Simply Special Seafood Chowder
Provided by: Campbell's Kitchen
total prep 264 calories/serving
Perfect for a chilly day, this hearty and delicious seafood chowder is made with fresh shrimp, mussels and white fish in a seasoned vegetable broth. Plus, it goes from fridge to table in just 30 minutes.
- 1 tablespoon olive oil or vegetable oil
- 1 medium bulb fennel , trimmed, halved and thinly sliced (about 2 cups)
- 1 medium onion , chopped (about 1/2 cup)
- 1 teaspoon dried thyme leaves , crushed
- 5 cup water
- 1 3/4 cup Swanson® Vegetable Broth (Regular or Certified Organic)
- 1 can (10 3/4 ounces) Campbell's® Condensed Tomato Soup
- 1 package (about 10 ounces) frozen whole baby carrots , thawed (about 1 1/2 cups)

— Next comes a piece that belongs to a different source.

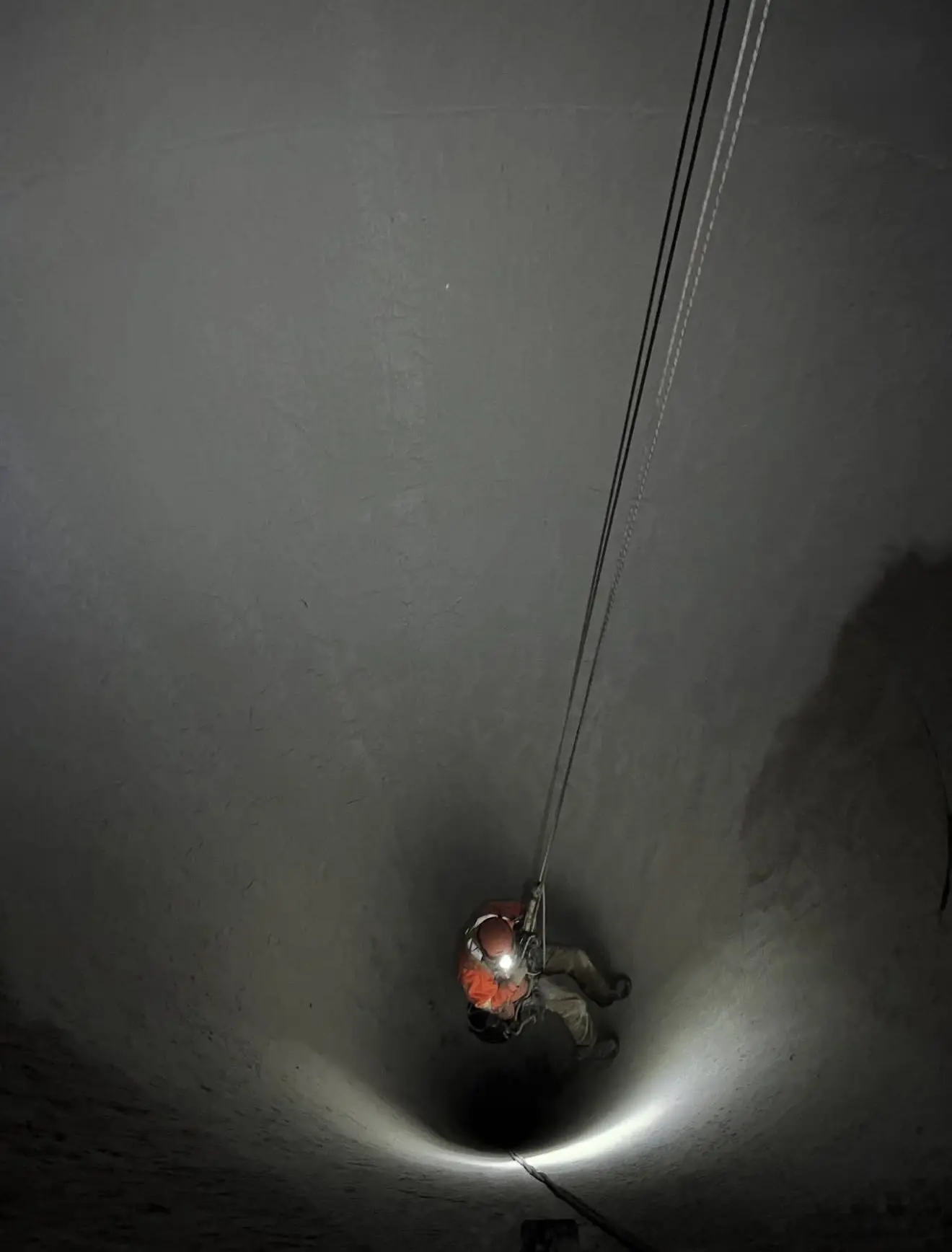 Rope technician descending inside a large confined space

- 1/2 pound fresh or thawed frozen firm white fish fillet (cod, haddock or halibut), cut into 2-inch pieces
- 1/2 pound fresh large shrimp , shelled and deveined
- 3/4 pound mussel (about 12), well scrubbed and beards removed
- Freshly ground black pepper
- Heat the oil in a 6-quart saucepot over medium heat. Add the fennel, onion and thyme and cook until they're tender. Stir the water, broth, soup and carrots in the saucepot and heat to a boil.
- Add the fish. Cover and cook over medium heat for 2 minutes. Discard any open or cracked mussels. Add the shrimp and mussels. Cover and simmer for 3 minutes or until the fish flakes easily with a fork, the shrimp are pink and the mussels open. Discard any mussels that do not open. Sprinkle with black pepper.